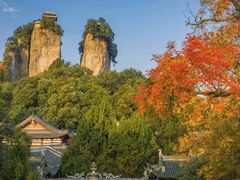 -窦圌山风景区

--

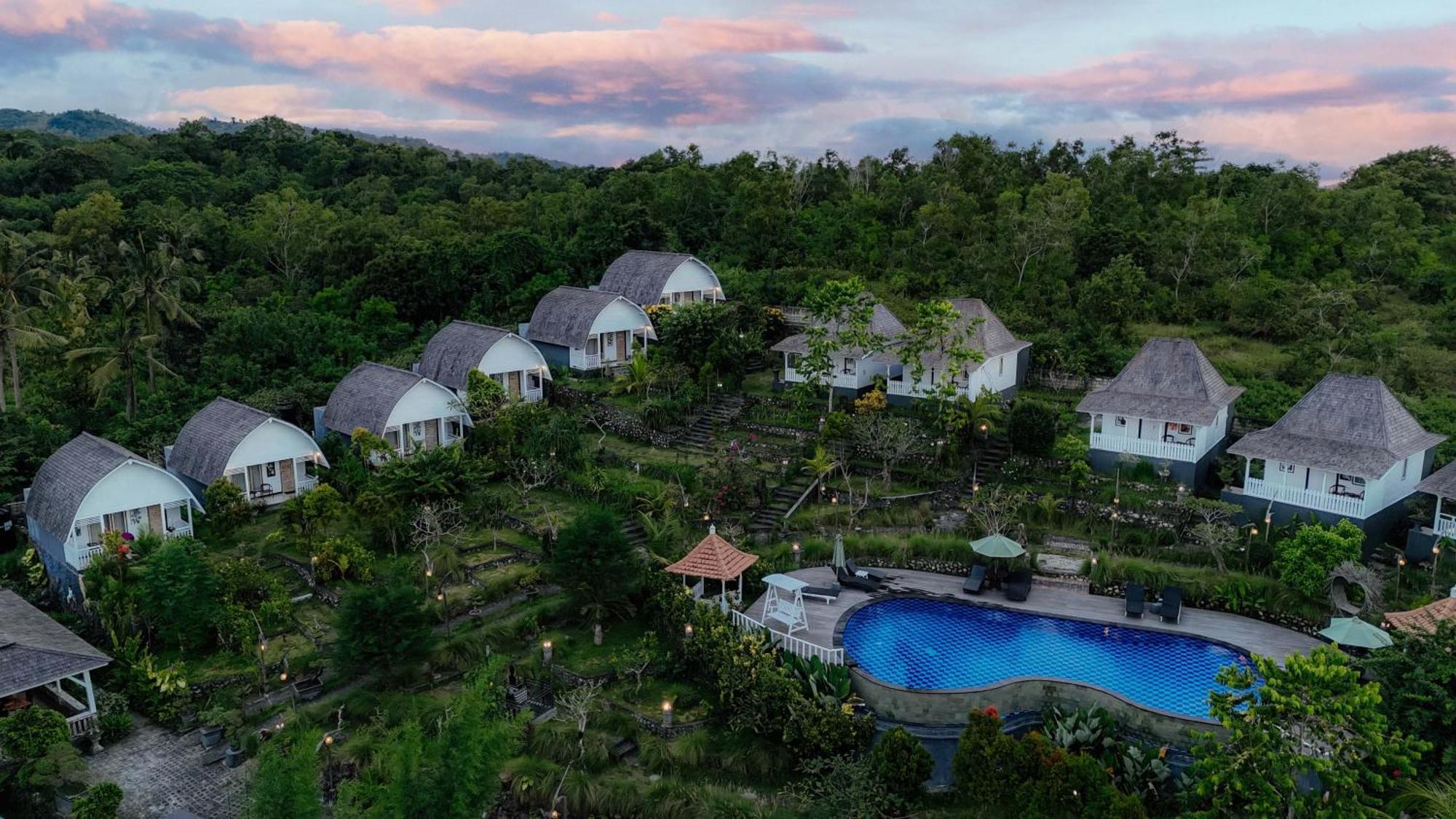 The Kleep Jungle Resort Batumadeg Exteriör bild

--

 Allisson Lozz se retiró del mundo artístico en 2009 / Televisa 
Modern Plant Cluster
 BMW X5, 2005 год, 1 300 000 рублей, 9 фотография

§ **TASK DESCRIPTION**: What you return must be an exact retyping of the lines above starting at the line with "Allisson Lozz se" and ending at the line with "BMW X5, 2005", and nothing besides.

§ **WRITTEN ANSWER**:
 Allisson Lozz se retiró del mundo artístico en 2009 / Televisa 
Modern Plant Cluster
 BMW X5, 2005 год, 1 300 000 рублей, 9 фотография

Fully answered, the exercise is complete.